First, in late 2006, Schaffer joined a delegation from Aspect Energy that worked to negotiate an oil exploration agreement with members of the Kurdish Regional Government (KRG), which represents the semi-autonomous and oil-rich section in the northern part of the country. He remained a part of this effort until the agreement was signed in late 2007. Schaffer’s self-described role was advising Aspect Energy about the political environment.
Second, the Bush administration’s opposition to separate oil deals with the Kurds as opposed to the central government dates from the early days of our invasion.
Third, after President Bush proposed the so-called surge in January 2007 — just two months after Schaffer made his Iraq trip — Congress, with the concurrence of the White House, laid out 18 benchmarks for measuring progress in Iraq. Passing an oil revenue-sharing law, designed to distribute Iraq’s oil wealth equitably among its various factions, was and remains one of the key benchmarks. Oil revenue-sharing has always been seen as an essential ingredient for the goals of political reconciliation and the establishment of an effective central government in Iraq. It ranks right up there with holding elections and training Iraqi security forces.

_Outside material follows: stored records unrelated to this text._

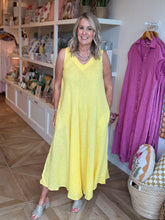 Load image into Gallery viewer, Yellow Linen V-Neck Dress
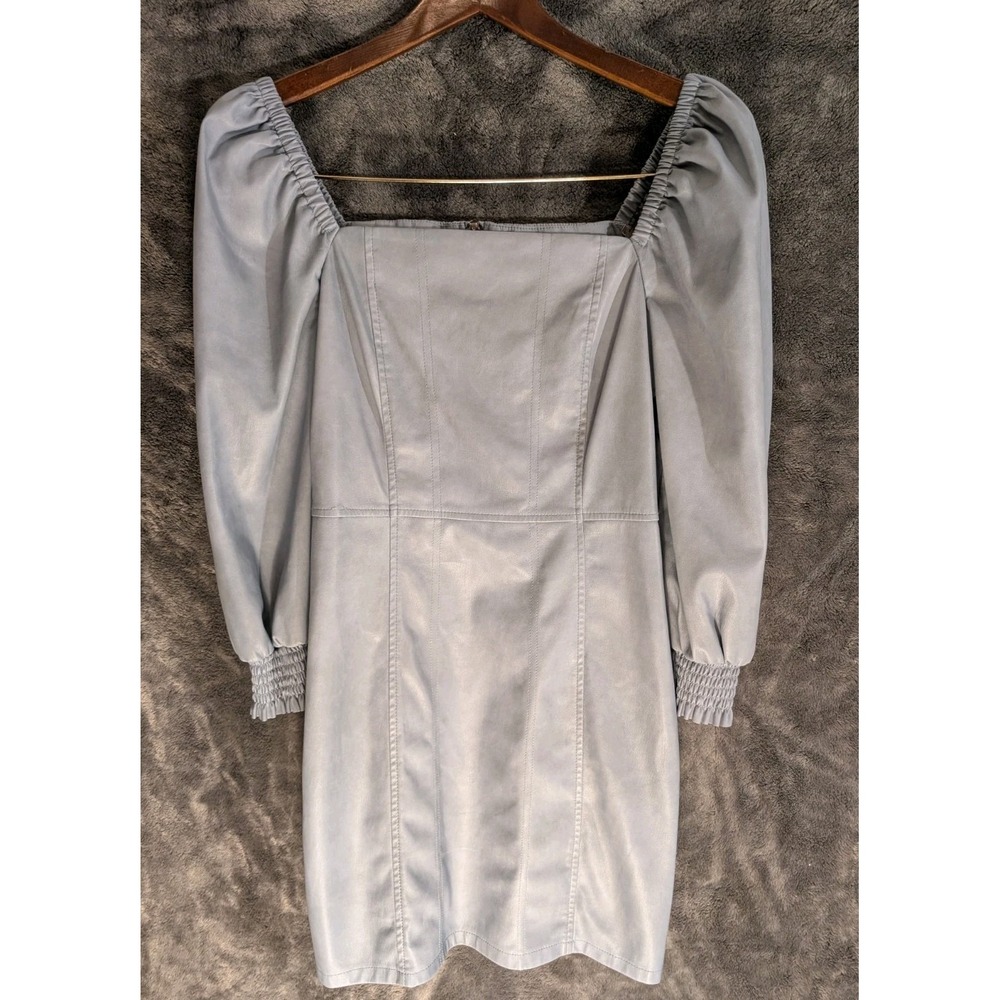 7 for all mankind Faux leather dress Grey/Blue Lightweight Puff Sleeves‎ Size M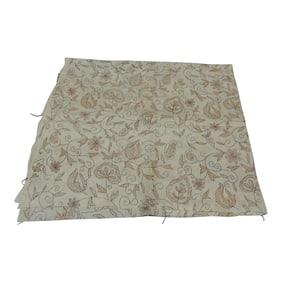 Vintage Orange and Brown Sheer Silk Embroidered Floral Indian Fabric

Fourth, Kurdish separatist impulses, while constrained now, have a significant potential for totally undermining U.S. policy, and revenue from Kurdish oil in Kurdish pockets is the driver for the Kurdish separatist movement, the economic basis for independence. And Kurdish independence risks war with Turkey and conflict with Iran.
Fifth, President Bush and his administration, following the September 2007 Hunt oil deal with the Kurds, criticized that deal and reiterated strong opposition to separate oil deals with the Kurds. This public criticism occurred two months before the Aspect Energy deal.
The political importance of achieving a national oil law cannot be understated. It remains a linchpin to stabilizing Iraq and preventing the Balkanization of the country.
Developing Kurdish oil resources outside of a national oil law undermines that goal, which is why the U.S. State Department, Secretary of State Condoleezza Rice, and President Bush himself have publicly disavowed deals like the one arranged by Schaffer’s ex-employer.
For his part, Schaffer maintains that the State Department, Rice and the President were “ambiguous” and that the Aspect Energy investment in Kurdistan “ought to be the highest priority of America’s diplomatic policy.”
Excuse me, I thought former members of Congress knew that the Constitution said that the President of the United States was responsible for executing our foreign policy, not American business or private citizens. And excuse me, I thought Schaffer was hired to advise about the political environment.
A red flag is a red flag. Our national security policy is about our national interests and not about private profit.
Rand Beers served as the National Security Adviser to the Kerry-Edwards 2004 campaign and was for 35 years a civil servant. Beers served on the White House National Security Council Staff and was a special assistant to President George W. Bush for combating terrorism at the National Security Council from 2002-2003.